Pulsatile Basal Insulin Secretion Is Driven by Glycolytic Oscillations

Abstract

In fasted and fed states, blood insulin levels are oscillatory. While this phenomenon is well studied at high glucose levels, comparatively little is known about its origin under basal conditions. We propose a possible mechanism for basal insulin oscillations based on oscillations in glycolysis, demonstrated using an established mathematical model. At high glucose, this is superseded by a calcium-dependent mechanism.

Keywords: bursting electrical activity; calcium; metabolism; pulsatile insulin secretion.

FIGURE 1.

Diagram illustrating the key cellular components and molecular mechanisms involved in oscillations of Ca²⁺ and insulin secretion in the pancreatic β-cell Glucose enters the cell through glucose transporters and is metabolized in glycolysis and the mitochondria. ATP, mostly produced by the mitochondria, closes K_ATP channels in the plasma membrane, leading to depolarization. Additional ion channels, including voltage-gated Ca²⁺ (Ca_V) and K⁺ channels (K_V) and Ca²⁺-activated K⁺ channels (K_Ca), support excitability of the plasma membrane potential (V) and underlie bursting activity at postprandial glucose levels. Depolarization of the membrane leads to Ca²⁺ (c) influx through Ca_V channels, while cytosolic Ca²⁺ levels are reduced by activity of Ca²⁺ ATPase pumps [sarco(endo)plasmic reticulum Ca²⁺-ATPase (SERCA) and plasma membrane Ca²⁺-ATPase (PMCA)]. Exocytosis of insulin-containing granules is triggered by Ca²⁺ and amplified by one or more metabolic signaling factors (AF) that promote the movement of insulin granules towards a releasable state.
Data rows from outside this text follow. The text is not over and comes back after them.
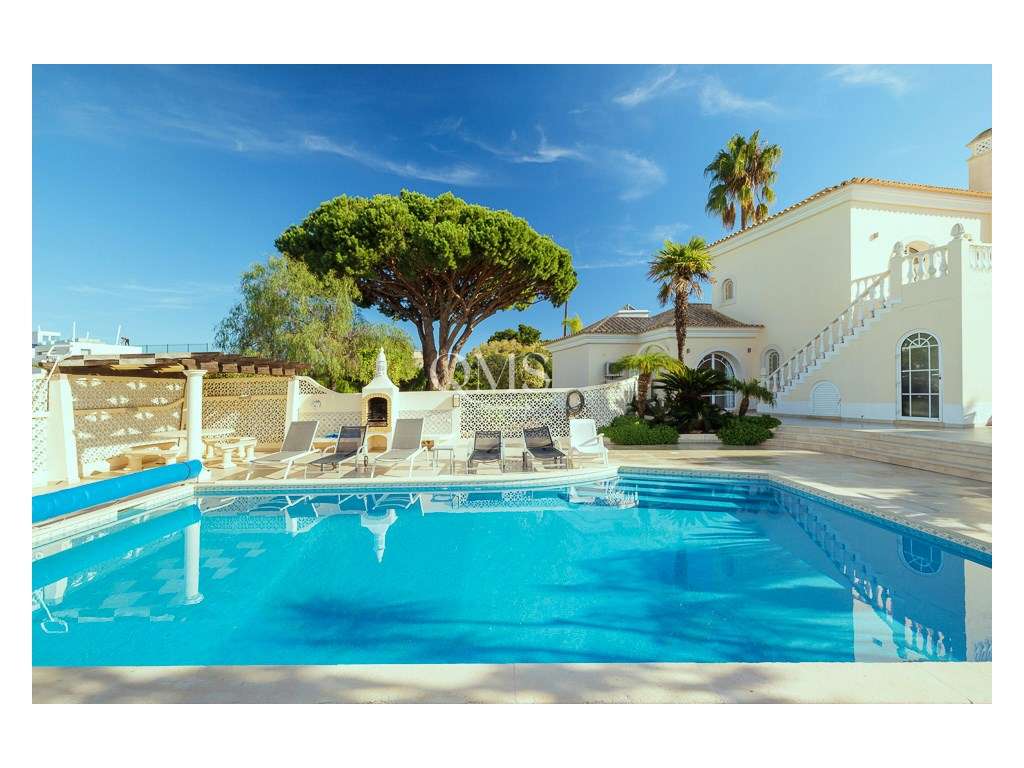 Moradia T4 Frente Golfe com Piscina & Total Privacy Vale do Lobo Al...-13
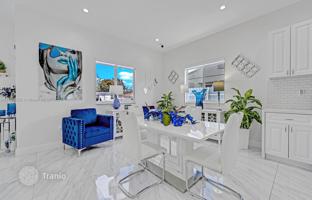 4-bedroom house 182 m² in Miami for $700,000
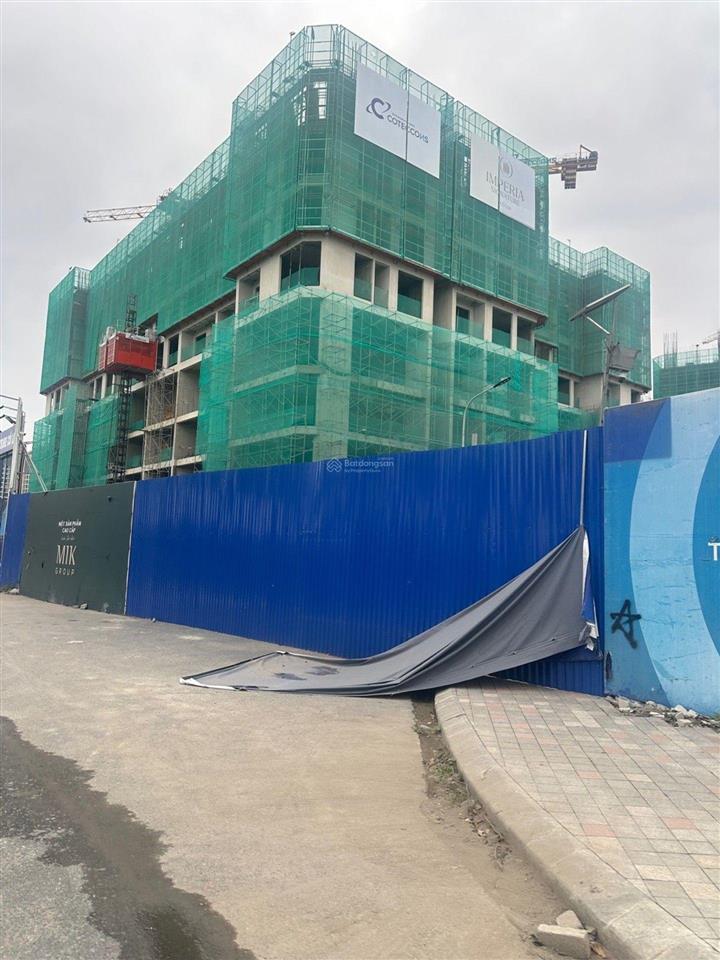 Chính chủ gửi bán căn nhà 5 tầng xuân canh, đông anh hà nội! giá chỉ 4 tỷ.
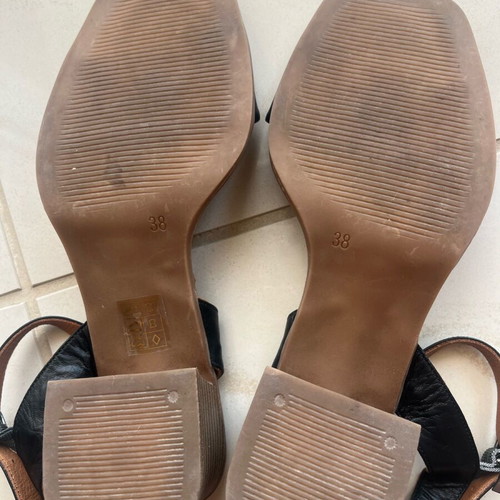 MAGO women's sandals no 38 black like new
F6P, fructose-6-phosphate; FBP, fructose-1,6-bisphosphate; PDH, pyruvate dehydrogenase; PFKM, phosphofructokinase, muscle.

FIGURE 2.

Basal and glucose-stimulated insulin secretion are oscillatory in humans A: insulin oscillations measured from the hepatic portal vein at basal glucose (4.4 mM; left) and high glucose imposed via hyperglycemic clamp (nominally 8–9 mM; right). The ∼5-min period of the oscillations does not change dramatically in response to glucose, but insulin rises about 2-fold in the higher glucose condition (note the difference in scale). B: deconvolution analysis resolves the underlying pulsatile nature of the insulin secretion rate, demonstrating that glucose stimulates a large increase in insulin pulse mass. Reproduced from Ref. , with permission from Journal of Clinical Endocrinology & Metabolism.

FIGURE 3.

Oscillations in intracellular Ca²⁺ concentration, the main trigger for insulin exocytosis, are observed in islets in vitro A; upon partial block of glycolysis using d-mannoheptulose, large amplitude glucose-stimulated Ca²⁺ oscillations in a mouse islet give way to small amplitude oscillations unlikely to be sustained by ionic mechanisms alone. B: a similar result observed in response to a reduction in glucose from a suprathreshold (11 mM) to a subthreshold (6 mM) concentration. Reproduced with permission from Ref. , with permission from Biophysical Journal.

FIGURE 4.

The integrated oscillator model with modification can account for basal insulin oscillations A model simulation of a ramped increase in glucose (G) from basal (3 mM) to postprandial to the high levels typically studied in vitro (11 mM). Key dynamic variables shown include the glycolytic metabolites fructose 6 phosphate (F6P) and fructose 1,6 bisphosphate (FBP), AMP, ATP/ADP ratio, membrane potential (V), cytosolic Ca²⁺ concentration (c), an amplifying factor (AF) that enhances exocytosis, and the insulin secretion rate (ISR).